Dlatego na ostatniej sesji milion złotych na remonty zagwarantowali miejscy radni. Będzie to uzupełnienie własnego wkładu, jaki musi w konkursie przedstawić właściciel zabytków, czyli Instytut Uprawy, Nawożenia i Gleboznawstwa. Milion złotych zostanie przekazany w latach 2010 i 2011, ale tylko w sytuacji, gdy instytut zdobędzie dofinansowanie na remonty obiektów.
- Wniosek o unijne fundusze składamy 4 lipca - zapowiada prof. Seweryn Kukuła, dyrektor IUNG. - W sumie cały projekt opiewa na ok. 8,5 miliona złotych. Przy składaniu wniosku trzeba mieć 30 proc. wkładu własnego. Dlatego dziękujemy miastu, że w ten sposób nas wsparło i uzupełniło nasz wkład w inwestycję. Bez tego wsparcia mielibyśmy bardzo duże kłopoty - dodaje Kukuła.

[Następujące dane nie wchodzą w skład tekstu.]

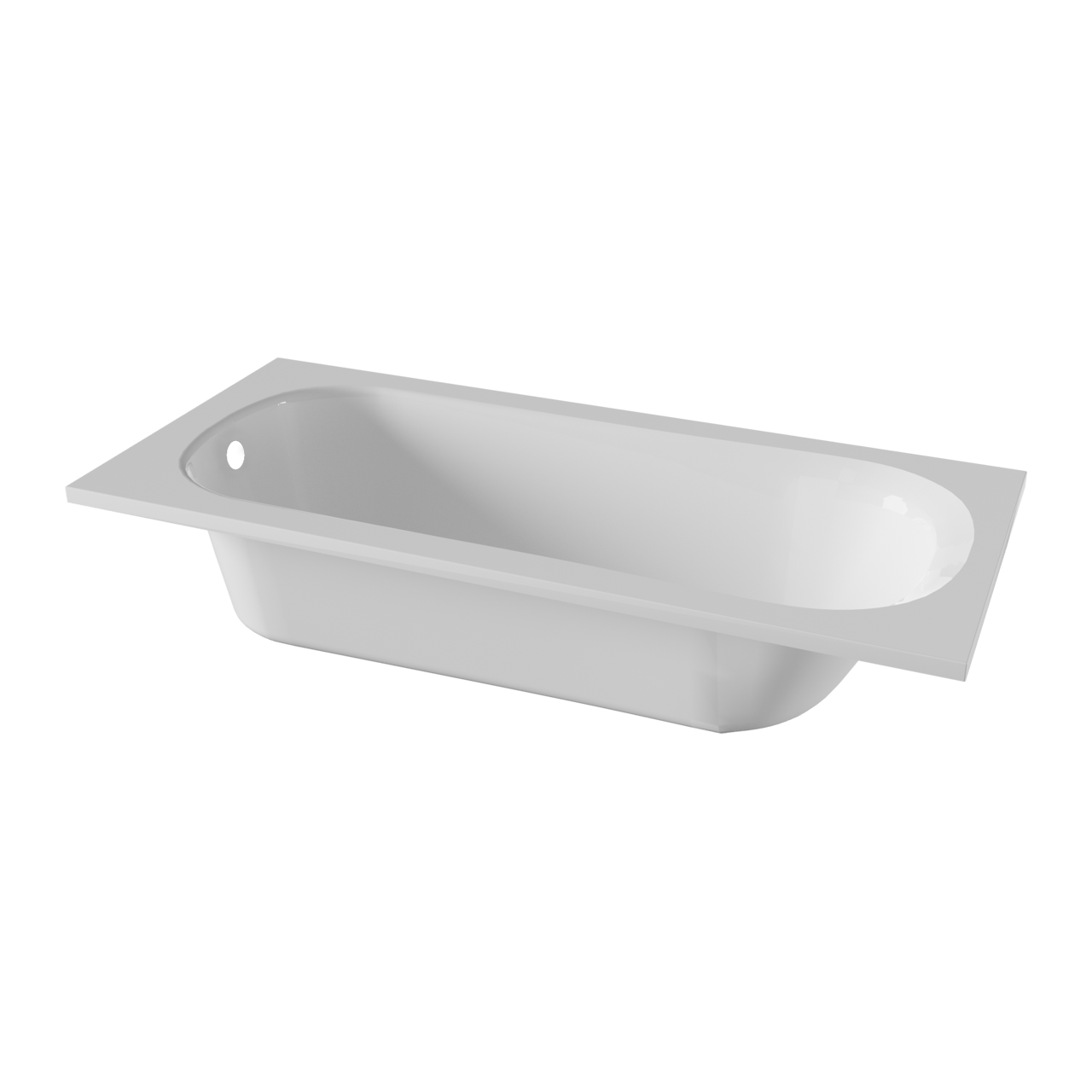 Linie Tessa baignoire encastrable mono 180 x 80 cm acrylique Blanc Brillant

Instytut, mimo że na co dzień zajmuje się wyłącznie pracą badawczą, sam również znalazł ok. 1,6 mln złotych na ten remont.

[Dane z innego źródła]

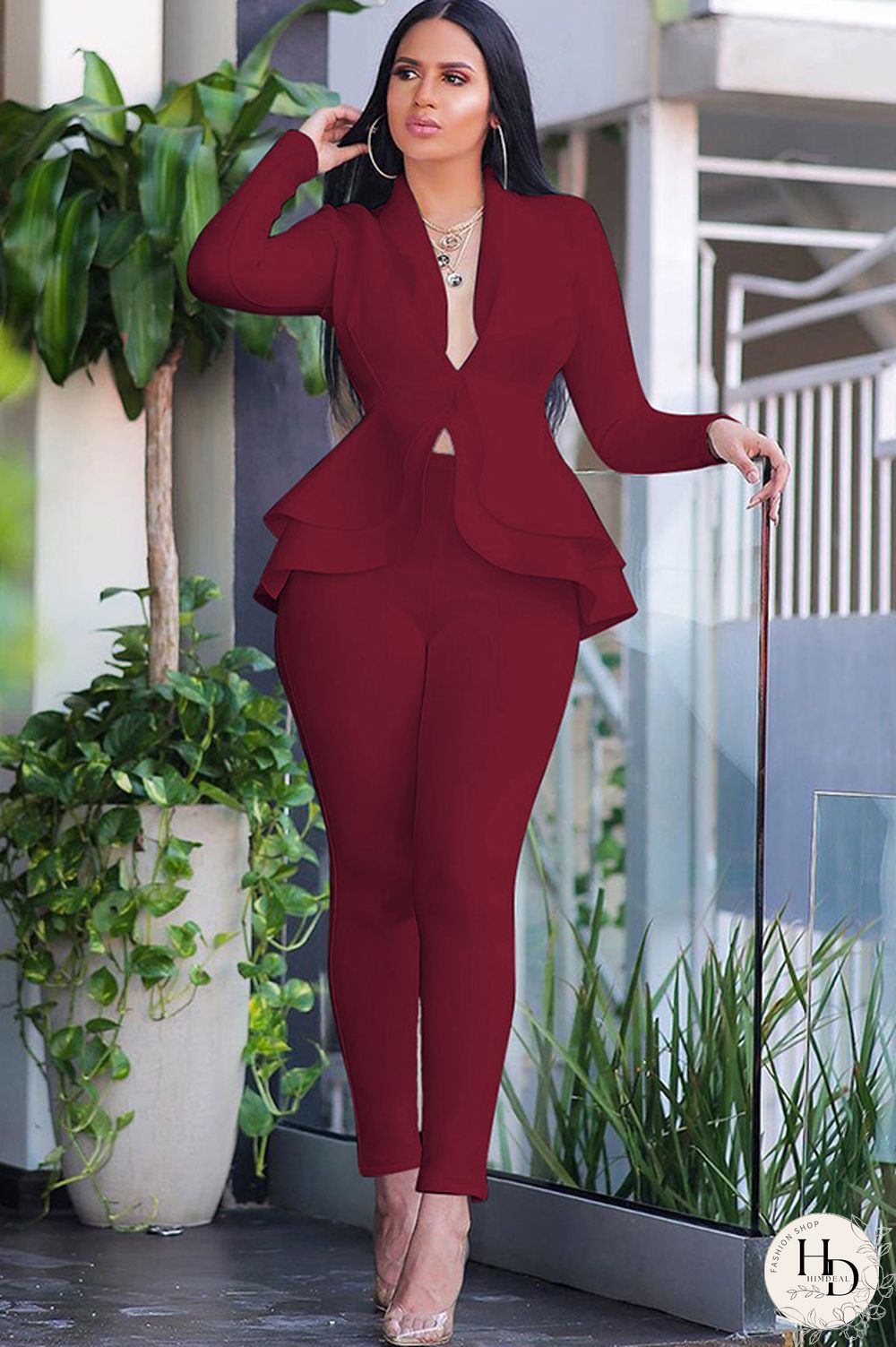 Black Casual Two Piece Suits Patchwork ruffle Solid pencil Long Sleeve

Rozstrzygnięcie konkursu organizowanego przez Urząd Marszałkowski może się odbyć do końca tego roku. Dlatego, jeśli IUNG pieniądze zdobędzie, prace powinny ruszyć w przyszłym roku.
W ramach projektu instytut chce wyremontować Świątynię Sybilli, a poza tym Dom Gotycki, Domek Aleksandryjski oraz sale pałacowe: Rycerską, Gotycką, Kamienną i sień główną. W tej chwili legendarne parkowe zabytki są w kiepskim stanie. A w Domu Gotyckim najbardziej rzucają się w oczy napisy wykonane przez wandali.
W przyszłości budynki będą wykorzystywane przez nowo powstały oddział Muzeum Nadwiślańskiego - Muzeum Czartoryskich w Puławach. Po remoncie muszą spełniać odpowiednie wymogi. Tak by można tu było prezentować eksponaty ze zbiorów Muzeum Czartoryskich w Krakowie. Puławskie muzeum od pewnego czasu stara się o przekazanie w depozyt przynajmniej niewielkiej części zbiorów, które przed laty zbierała w Puławach księżna Izabela Czartoryska.